Included in the donation are portraits of Hoover fellow and British prime minister Margaret Thatcher, US secretary of state Henry Kissinger, four Israeli prime ministers, and journalist and author Malcolm Muggeridge. Lady Thatcher chose Schwartz’s portrait for her 1978 campaign poster, and a 1982 commemorative first-day cover commemorative stamp in England features his classic portrait of Lord Mountbatten. Muggeridge, a journalist, author, satirist, and television personality, was a frequent panelist on William F. Buckley Jr.’s Firing Line, and a collection of his papers is housed in the Hoover Institution Archives.
Click here for more information about the Bern Schwartz collection.

Adolf Kurtz, a Protestant pastor, following Hitler’s ascent to power in 1933, resisted the government’s efforts to control religious life in Germany. In that his wife was born a Jew, he organized a relief agency to help Christians of Jewish heritage. After the war, in 1948, Pastor Kurtz was invited by the British military authorities in Berlin to come to England to visit German prisoner-of-war camps. A year ago, Hoover Archives acquired a collection of letters, certificates, church registers, and photographs, mostly associated with Pastor Kurtz’s later life in Oxford. The newly acquired increment consists of many original personal documents, mostly from the pastor’s earlier years in Berlin.

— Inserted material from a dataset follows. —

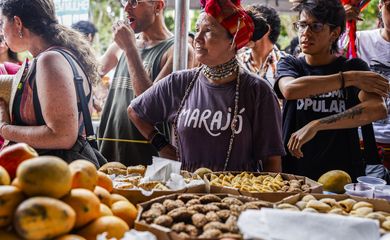 Belém (PA), 16/11/2025 - Banquetaço da cúpula dos povos, na Ppaça da república, reúne cozinhas coletivas, alimentos agroecológicos e partilha popular.
Foto: Tânia Rêgo/Agência Brasil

In May 1961 Nikita Khrushchev visited the autonomous Soviet Republic of Adjara (Adzharia) in the present Republic of Georgia. The chief communist official in the region, Aleksandr Dursunovich Tkhilaishvili, was his guide and host. The photographs in this collection depict some scenes and meetings that took place during this visit. Of particular interest is someone in the crowd greeting Khrushchev holding up a large photo of Joseph Stalin, who at the time was out of favor with Khrushchev and his supporters.

The Hoover Institution Library and Archives have recently acquired more than two hundred pieces of historical materials relating to the Chinese Cultural Revolution, a sociopolitical movement that took place in the People's Republic of China from 1966 through 1976. Set into motion by Mao Zedong, then chairman of the Chinese Communist Party, its goal was to enforce socialism by removing capitalist, traditional, and cultural elements from Chinese society and to impose Maoist orthodoxy within the party. This increment, which augments an earlier collection of Hoover’s Chinese Communist Party records contains nearly two hundred issues of the Red Guard “little newspapers” between 1967 and 1971 and other communist pamphlets, internal party documents, booklets, serial issues, and published speeches of communist leaders during this period.

Prince Andre Lobanov-Rostovsky was a specialist on Russo-Asian relations and a professor of Russian history at the University of Michigan and the University of California at Los Angeles. Several years ago his papers were donated to the Hoover Archives; that gift has now been followed by his library. Among the interesting and rare books received is a set of publications of the Russian Orthodox Mission in Peking (Beijing).